A – Un couple conflictuel.

La tentation est grande de les camper dans une posture d’irrémédiable opposition et d’aller ainsi au plus facile, de suivre leur pente en quelque sorte. Entre la mémoire et l’histoire, les tensions sont en effet tellement nombreuses et fortes... D’où une nette préférence pour les définitions en oxymore, antagoniques, parmi lesquelles celle de Pierre Nora, l’une des plus anciennes, est aussi à notre avis l’une des plus convaincantes, que nous voulons citer ici longuement puisqu’elle est à la première origine de notre travail.

‘« La mémoire est la vie, toujours portée par des groupes vivants et, à ce titre, elle est en évolution permanente, ouverte à la dialectique du souvenir et de l’amnésie, inconsciente de ses déformations successives, vulnérable à toutes les utilisations et manipulations, susceptible de longues latences et de soudaines revitalisations. L’histoire est la reconstruction toujours problématique et incomplète de ce qui n’est plus. La mémoire est un phénomène toujours actuel, un lien vécu au présent éternel ; l’histoire, une représentation du passé. Parce qu’elle est affective et magique, la mémoire ne s’accommode que de détails qui la confortent ; elle se nourrit de souvenirs flous, télescopants, globaux ou flottants, particuliers ou symboliques, sensible à tous les transferts, écrans, censure ou projections. L’histoire, parce que opération intellectuelle et laïcisante, appelle analyse et discours critique. La mémoire installe le souvenir dans le sacré, l’histoire l’en débusque, elle prosaïse toujours. La mémoire sourd d’un groupe qu’elle soude, ce qui revient à dire, comme Halbwachs l’a fait, qu’il y a autant de mémoires que de groupes ; qu’elle est, par nature, multiple et démultipliée, collective, et individualisée. L’histoire, au contraire, appartient à tous et à personne, ce qui lui donne vocation à l’universel.

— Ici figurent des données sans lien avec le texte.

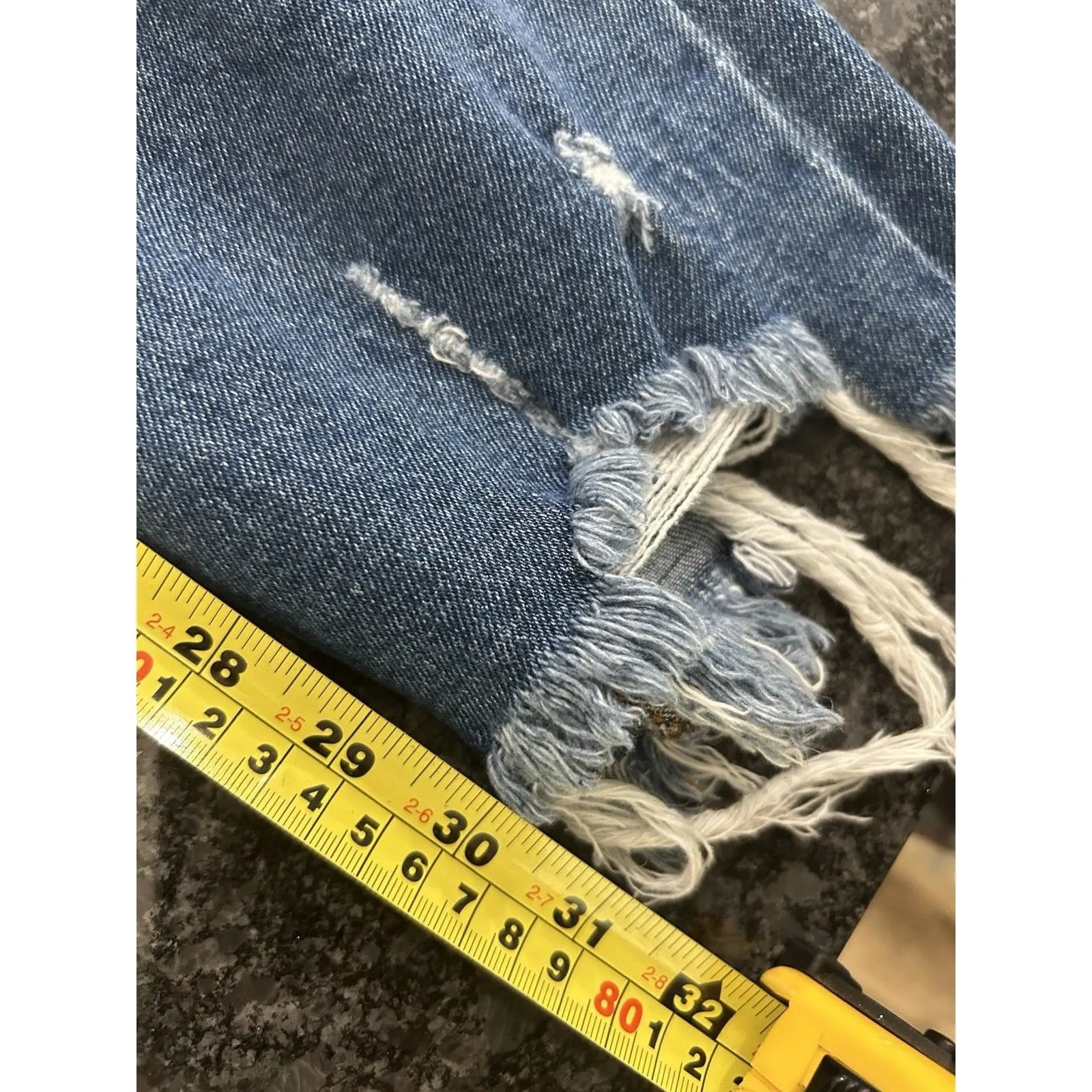 Wonderly Mid Rise Slim Flare Distressed Jeans Dark Blue Denim Size 16 Curvy Plus - Image 8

La mémoire s’enracine dans le concret, dans l’espace, le geste, l’image et l’objet. L’histoire ne s’attache qu’aux continuités temporelles, aux évolutions et aux rapports des choses. La mémoire est un absolu et l’histoire ne connaît que le relatif.
Au cœur de l’histoire, travaille un criticisme destructeur de la mémoire spontanée. La mémoire est toujours suspecte à l’histoire dont la mission vraie est de la détruire et de la refouler. L’histoire est délégitimation du passé vécu 5 ... »’

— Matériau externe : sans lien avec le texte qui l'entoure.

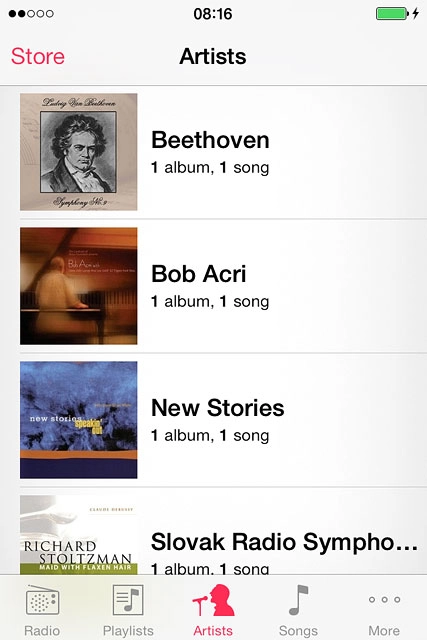 Press the required category at the bottom of the display.Go to the required audio file or playlist.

Il y aurait ainsi deux façons classiques de présenter les relations difficiles qui lient le couple conflictuel histoire/mémoire. La première consiste à considérer qu’il s’oppose selon les lois de la dialectique : la première est la thèse, la seconde est l’antithèse, à charge alors de chacun de pratiquer l’exercice de la synthèse – ô combien ardu ici. Une autre image est celle du miroir, qu’utilise volontiers François Bédarida ; histoire et mémoire seraient tellement ressemblants à défaut d’être semblables qu’ils noueraient une relation de réciprocité impossible à défaire et matrice de toutes les équivoques 6 .

Notes
5.

Pierre Nora, « Entre Mémoire et Histoire. La problématique des lieux », in Les lieux de mémoire, I. La République, (Pierre Nora dir.), Paris, NRF/Gallimard, collection « Bibliothèque illustrée des histoires », 1984, p XIX-XX. Lire également, pour un exemple de ces définitions en opposition, le texte de François Bédarida, « La mémoire contre l’histoire », allocution prononcée à la Sorbonne lors de la remise du prix « Mémoire de la Shoah », qui lui fut décerné le 16 novembre 1992, et publié par la revue Esprit, numéro spécial (7) de juillet 1993, Le poids de la mémoire, p. 7-13.

6.

In Histoire et mémoire, op. cit., p. 91. L’historien va jusqu’à parler dans ces pages de « rétroprojection ».